Innovation, technology and human adaptability

Nyla Ahmad shares her insights about tech innovation and how it affects people

“Innovative thinking is habitual,” according to Nyla Ahmad, Senior Vice President, Marketing and Planning in the Enterprise Division of Rogers Communications. “Anyone can do it. You needn’t be technically trained or gifted to innovate in a tech world.” However, you must consider your innovation’s human impact.

At EDIT, a recent 10-day event in Toronto spotlighting how technology, design and innovation can improve global living conditions, Ahmad discussed innovation and our ability to adapt to change.

Emphasizing that it is not invention, Ahmad defined innovation as doing something for the first time, not creating something new. “This means it can occur or be applied anywhere, for example, in processes.”

Innovative thinkers share several key habits, including:

1. Perspective. Innovators see opportunities and potential where others don’t.

2. Simplification. They focus on the big picture, not the small stuff; often, a simple and straightforward response is best for complicated problems.

3. Embracing diversity. True innovators always look for people smarter than they are because they know they can learn from others. This means being open to working with people with different perspectives and experiences.

4. Trusting their instinct. This “critical but misunderstood quality” helps innovators continue pursuing their dreams in the face of adversity.

5. Taking “moon shots.” Deep ambition is crucial, Ahmad concluded. We must “aim big and aim high,” for then “global impact is possible.”

Innovation uses all the tools in the toolbox—and we have many tools to work with after the incredible tech advances, particularly of the last ten years. This cornucopia of ideas and opportunities has created what Ahmad termed “the innovation economy.”
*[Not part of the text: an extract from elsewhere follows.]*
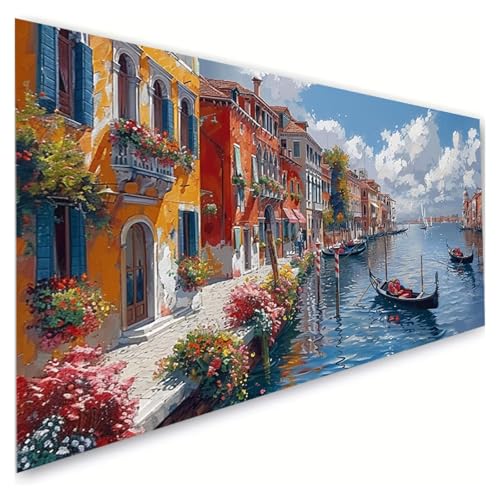 Diamond Painting Kleine Stadt Diamond Painting Erwachsene Groß XXL 60x120cm, 5D Diamant Paintings Bilder Boot Malen Nach Zahlen Anfänger, DIY Diamant Malerei Stickerei Bastelset, Zimmer Deko G2-275 von RSZYUUNG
In 2007, the first iPhone, Facebook and the building blocks of big data (via Hadoop) hit the market. Almost immediately, innovators began combining these new products and services among others to create larger things.

Much has changed, but has it all been to the good? Ahmad sees people as generally comfortable with tech change, and she is personally inspired by how it can positively change our everyday lives.
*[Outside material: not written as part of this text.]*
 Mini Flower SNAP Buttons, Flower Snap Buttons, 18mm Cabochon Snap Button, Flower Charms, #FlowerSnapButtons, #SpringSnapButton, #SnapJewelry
That said, technology is now “actually moving too quickly for us.” Citing a recent Atlantic article showing how constant smartphone use can adversely affect teenagers’ social interactions and mental health, Ahmad emphasized that innovators must “be mindful of the human component of all this tech change.”
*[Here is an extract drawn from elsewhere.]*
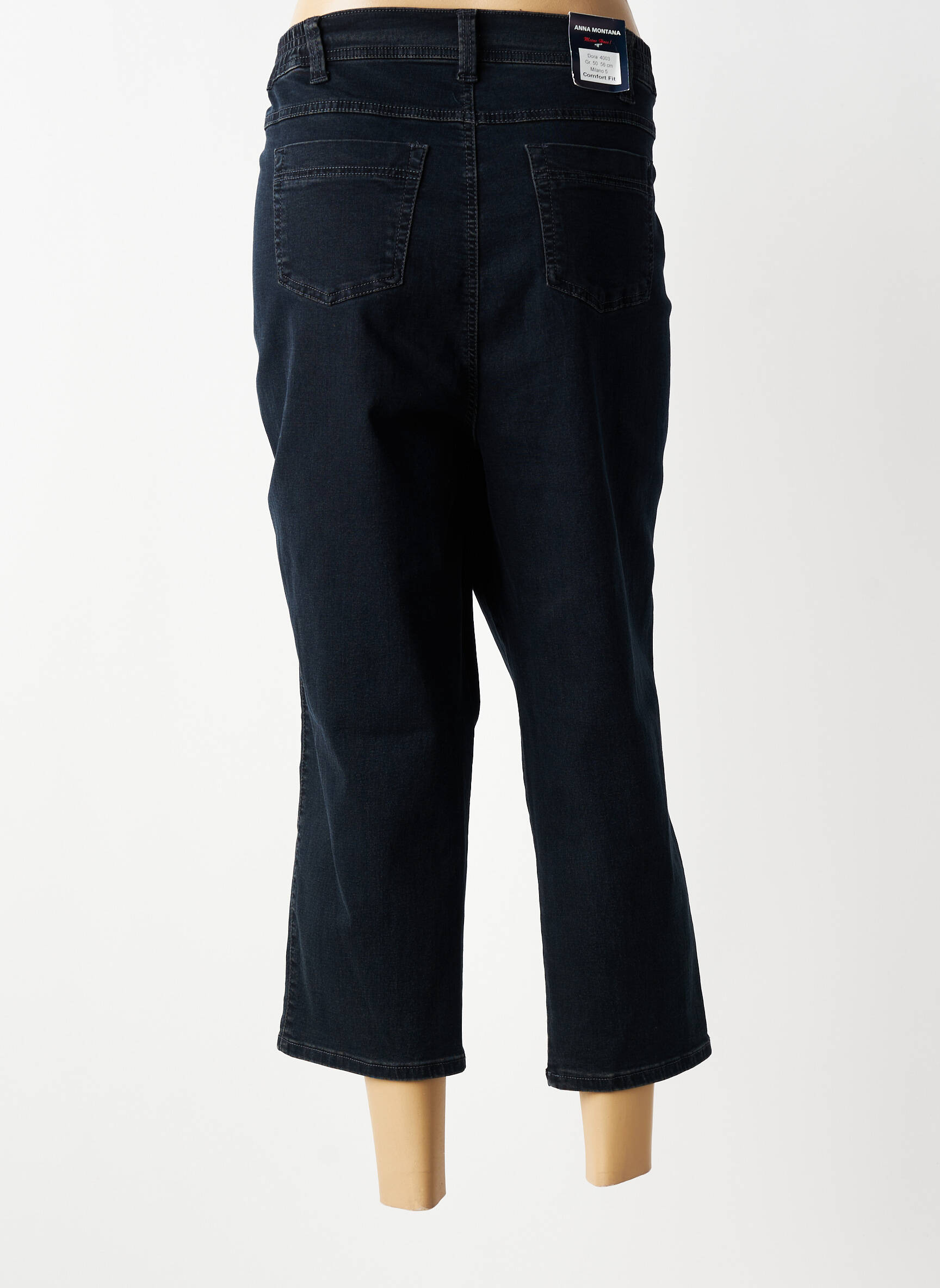 Pantacourt stretch taille normale noir ANNA MONTANA femme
With our federal government working to reduce fragmentation and increase collaboration between organizations and industries through initiatives such as smart cities and innovation corridors, Canada is ready to lead in global technology innovation.

That’s good news, as is our country’s reputation as “responsible and ethical,” Ahmad said. “We’ll do this right, for example, with the privacy concerns” associated with artificial intelligence and big data. “We’re capable of humanely negotiating these changes.”

And our approach to innovation cannot be insular; as Ahmad concluded, Canadian individuals and organizations should emulate other countries and companies that are doing innovation well. We must continually embrace great ideas and take risks, because “only the bold, the brave and the well-informed end up on the right side of the opportunity.”